→ **Data block**:
******************************
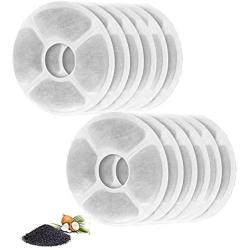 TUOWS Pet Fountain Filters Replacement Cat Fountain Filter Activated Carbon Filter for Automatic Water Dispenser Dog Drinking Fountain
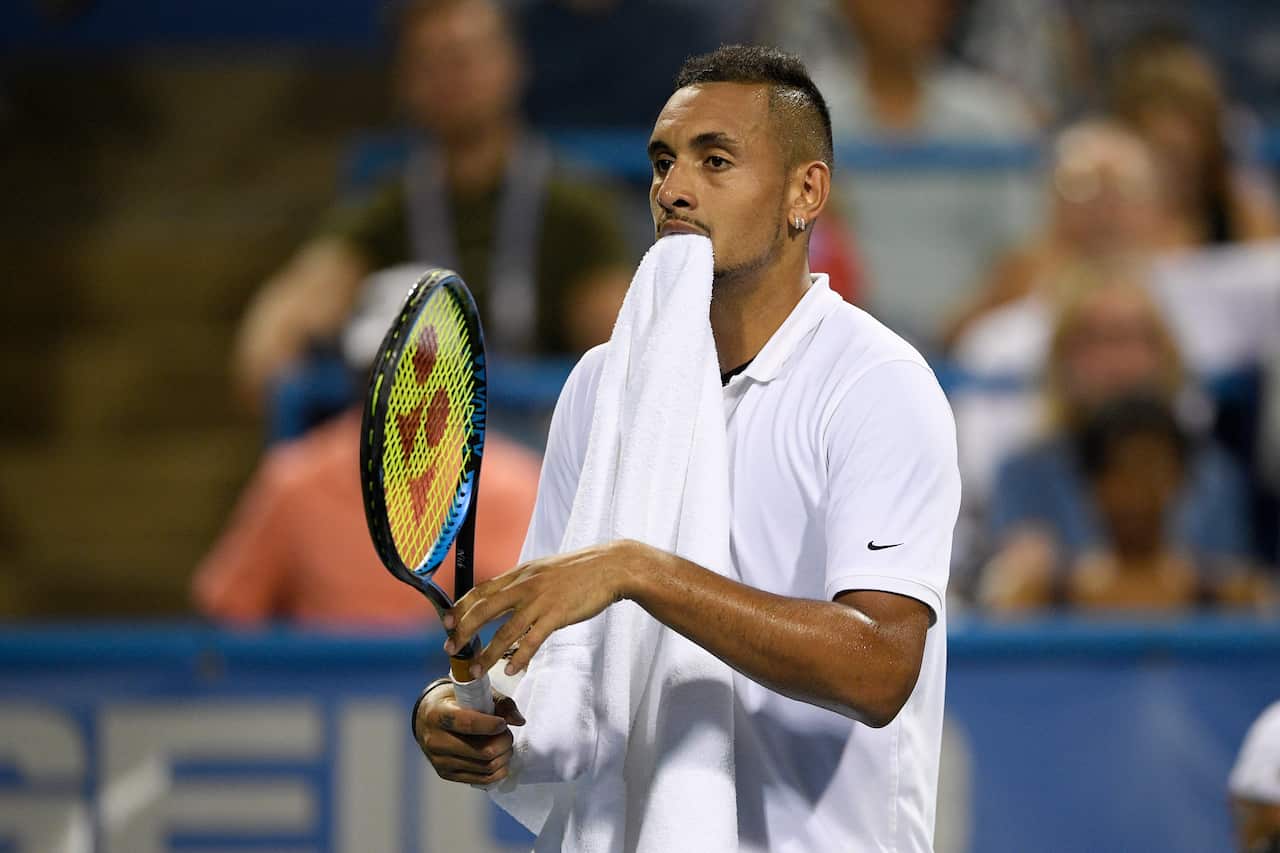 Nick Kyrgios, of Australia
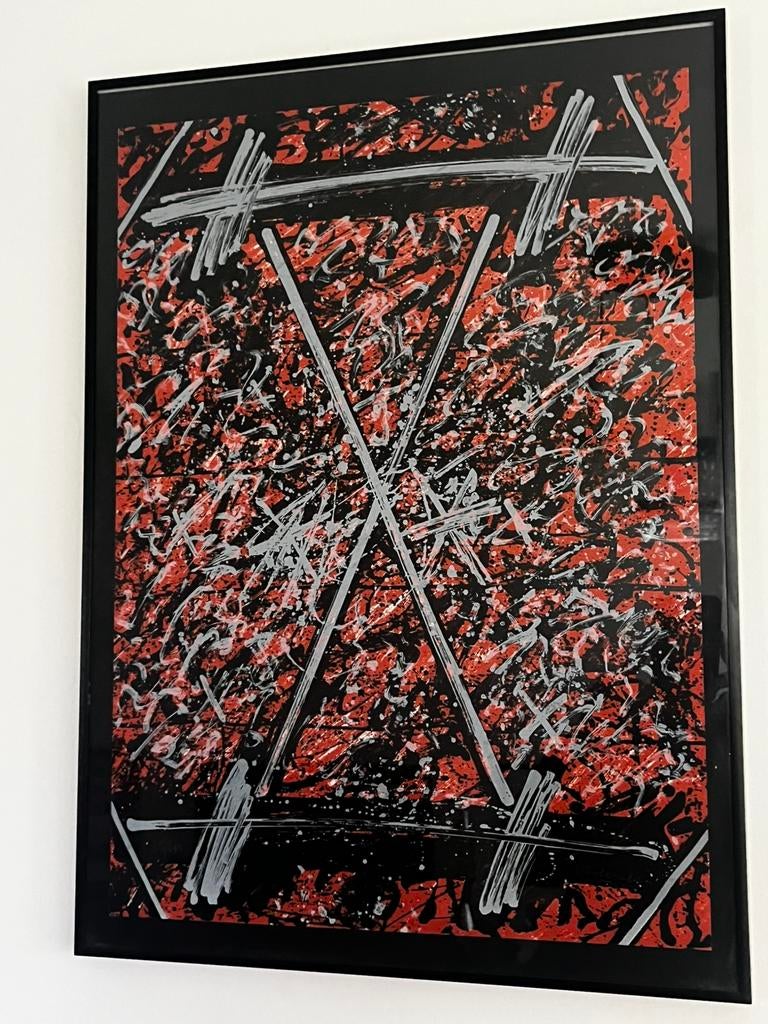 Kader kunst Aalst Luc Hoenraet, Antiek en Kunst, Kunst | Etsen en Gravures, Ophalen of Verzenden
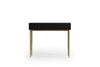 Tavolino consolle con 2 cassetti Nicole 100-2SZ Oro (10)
******************************
→ **Goal of the exercise**: What is needed is the whole listing again, exactly as written, with the images left out.

→ **Your response**:
 TUOWS Pet Fountain Filters Replacement Cat Fountain Filter Activated Carbon Filter for Automatic Water Dispenser Dog Drinking Fountain
 Nick Kyrgios, of Australia
 Kader kunst Aalst Luc Hoenraet, Antiek en Kunst, Kunst | Etsen en Gravures, Ophalen of Verzenden
 Tavolino consolle con 2 cassetti Nicole 100-2SZ Oro (10)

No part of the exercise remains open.